Show, don’t tell. Only use active verbs. And write what you know.
Years ago, I attended a writers’ workshop in Port Townsend, Washington. Ursula Hegi (Stones in the River) described fact-checking the scene of a restaurant kitchen fire for a new novel (The Vision of Emma Blau). She called the local fire department. Grease splattering, an old wood-frame building. How would the flames travel up a dumb-waiter? How quickly could the fire engulf the building, she wanted to know? Please hold, the young fireman said, unlucky enough to have answered the phone. Straightaway, the fire chief was on the line and Ms. Hegi was explaining herself out of felony arson.
If only she’d taken that rule to heart: write what you know.
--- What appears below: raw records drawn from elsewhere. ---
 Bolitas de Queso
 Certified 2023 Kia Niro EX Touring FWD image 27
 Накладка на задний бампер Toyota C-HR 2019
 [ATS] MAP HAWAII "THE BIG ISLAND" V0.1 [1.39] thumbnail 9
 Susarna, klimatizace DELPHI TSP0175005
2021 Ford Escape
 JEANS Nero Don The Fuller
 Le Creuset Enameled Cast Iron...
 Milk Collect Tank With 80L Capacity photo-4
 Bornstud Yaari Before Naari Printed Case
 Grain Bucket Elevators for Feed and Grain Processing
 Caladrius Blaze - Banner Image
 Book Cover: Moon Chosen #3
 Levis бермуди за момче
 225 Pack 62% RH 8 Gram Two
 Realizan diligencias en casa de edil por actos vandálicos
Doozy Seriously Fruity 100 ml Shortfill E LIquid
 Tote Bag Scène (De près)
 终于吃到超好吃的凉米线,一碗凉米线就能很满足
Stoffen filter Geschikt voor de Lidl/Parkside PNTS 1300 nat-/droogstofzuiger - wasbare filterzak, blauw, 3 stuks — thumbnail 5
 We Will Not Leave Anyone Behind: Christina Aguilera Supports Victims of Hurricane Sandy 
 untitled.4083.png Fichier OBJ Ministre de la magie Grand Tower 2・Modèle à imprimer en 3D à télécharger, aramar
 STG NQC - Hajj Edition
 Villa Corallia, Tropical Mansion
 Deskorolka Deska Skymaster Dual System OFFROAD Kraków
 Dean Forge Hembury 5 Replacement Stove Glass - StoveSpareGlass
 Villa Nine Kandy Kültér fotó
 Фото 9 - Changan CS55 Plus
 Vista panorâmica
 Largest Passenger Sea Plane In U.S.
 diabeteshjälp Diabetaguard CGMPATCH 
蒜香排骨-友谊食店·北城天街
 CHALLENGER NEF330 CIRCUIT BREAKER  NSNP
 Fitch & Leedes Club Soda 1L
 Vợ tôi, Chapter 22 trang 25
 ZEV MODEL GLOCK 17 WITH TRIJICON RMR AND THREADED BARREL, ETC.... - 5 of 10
I’ve been poring away at writing a novel for—don’t ask how long. After all, it’s a labor of love, so who cares? Every day, those invisible cookies on my laptop are leading Wall Street marketers astray. In the past year, I’ve searched for a 20th century herringbone driving cap, a warehouse property in the Dogpatch neighborhood of San Francisco, red stilettos, and hybrid golf clubs.
The flip side of write what you know? Every bit of fiction—short stories, novels, essays—is autobiographical. You have to write what you know. There’s no other way because creativity comes from deep inside, drilled down from a watery, preternatural, incontrovertible well of the past. (Reminds me of another adage: In order to write, live.)
So don’t worry about it. Write what you know. And look up the rest. Keep those wolves of Wall Street guessing.